A useful metric to gauge management's capital allocation skills, the acceptance by the market and desirability of GH's stock, is to see if the Company has produced at least $1.00 of gain in market value for every $1.00 of retained earnings. So over time, you would want to see a company increase its stock price by at least $15 if the cumulative retained earnings have been $15 per share. This shows the level of acceptance of a company's management by the market, the anticipation of future results and the desirability of owning its shares.
From 2011 to 2019, GH has retained $31,163,510 in free cash flow (again adjustments have been made) or the equivalent of $1.31 per share. The market price of the stock started the period at $10.24 and ended the period at $8.48 for a decrease of $1.76. If GH retained a cumulative amount of $1.31 you would want to see the stock price higher by at least $1.31 - irrespective of the amount of dividends that were received. The market is not interested in giving GH its proper valuation - this will no doubt continue if growth does improve going forward. The market wants to see sustainably higher levels of growth and until that happens, GH will be capped at a certain valuation.
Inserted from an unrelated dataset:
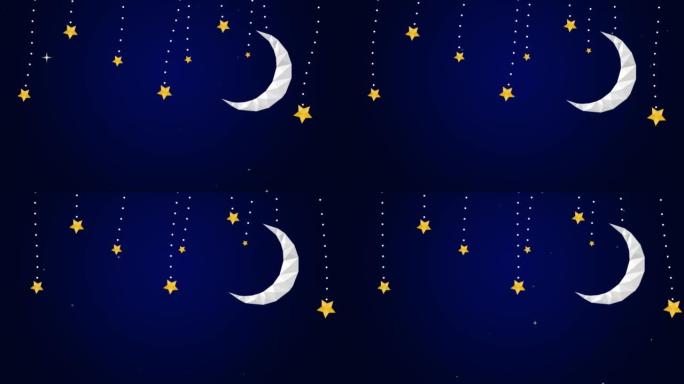 背景童话与月亮和星星睡觉-4k股票视频
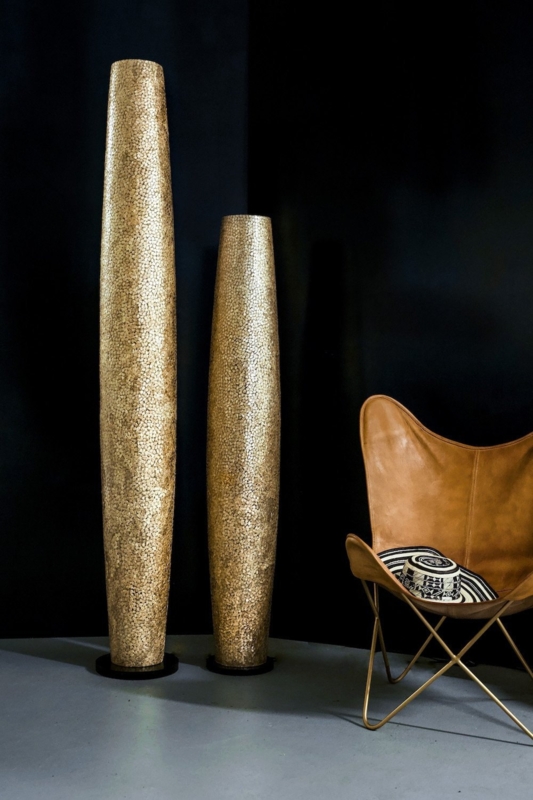 Floor Lamp with gold oyster shells cluster shade and tripod base.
I myself believe in GH and have increased my position in it very recently. While the market will cap the valuation of GH – nobody can tell you by how much but a 10% - 15% discount to intrinsic value would be a reasonable guess in my view – it still represents a solid return from the current stock price.
It is not impossible for GH to grow at a faster pace. If the market were to see concrete attempts at growth, it would start to eliminate the discount to value that we currently have.
In a future post I’ll examine one simple way that faster and sustainable growth can be achieved and with past data for it to hopefully be a useful exercise.
With stronger future growth or not, GH is undervalued at $8.66.